■ Listed records:
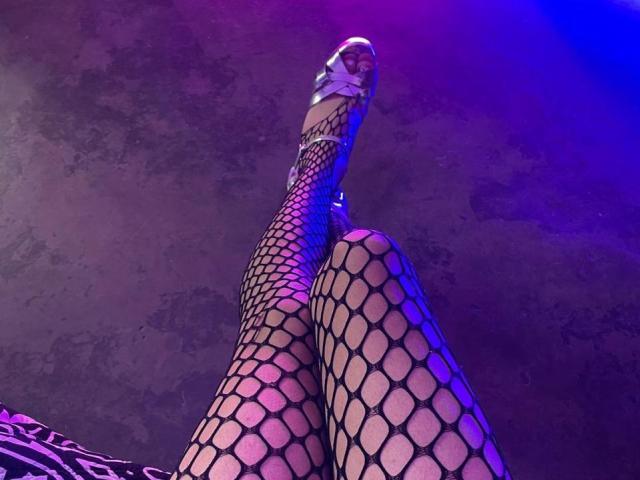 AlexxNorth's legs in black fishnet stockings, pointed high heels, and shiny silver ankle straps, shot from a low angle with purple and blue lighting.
* * *
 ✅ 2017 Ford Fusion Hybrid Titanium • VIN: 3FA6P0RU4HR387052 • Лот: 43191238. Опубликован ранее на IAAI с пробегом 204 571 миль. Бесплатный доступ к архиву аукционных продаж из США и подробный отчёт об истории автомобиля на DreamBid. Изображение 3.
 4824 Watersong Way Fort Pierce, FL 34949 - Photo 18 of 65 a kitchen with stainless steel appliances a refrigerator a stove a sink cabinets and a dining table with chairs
==
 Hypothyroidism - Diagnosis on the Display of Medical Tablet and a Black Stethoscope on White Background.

■ What to do: Precisely the lines between those holding "DreamBid. Изображение 3." and "4824 Watersong Way", inclusive, are to be reproduced from the listing above, with nothing added.

■ Solution to this problem:
 ✅ 2017 Ford Fusion Hybrid Titanium • VIN: 3FA6P0RU4HR387052 • Лот: 43191238. Опубликован ранее на IAAI с пробегом 204 571 миль. Бесплатный доступ к архиву аукционных продаж из США и подробный отчёт об истории автомобиля на DreamBid. Изображение 3.
 4824 Watersong Way Fort Pierce, FL 34949 - Photo 18 of 65 a kitchen with stainless steel appliances a refrigerator a stove a sink cabinets and a dining table with chairs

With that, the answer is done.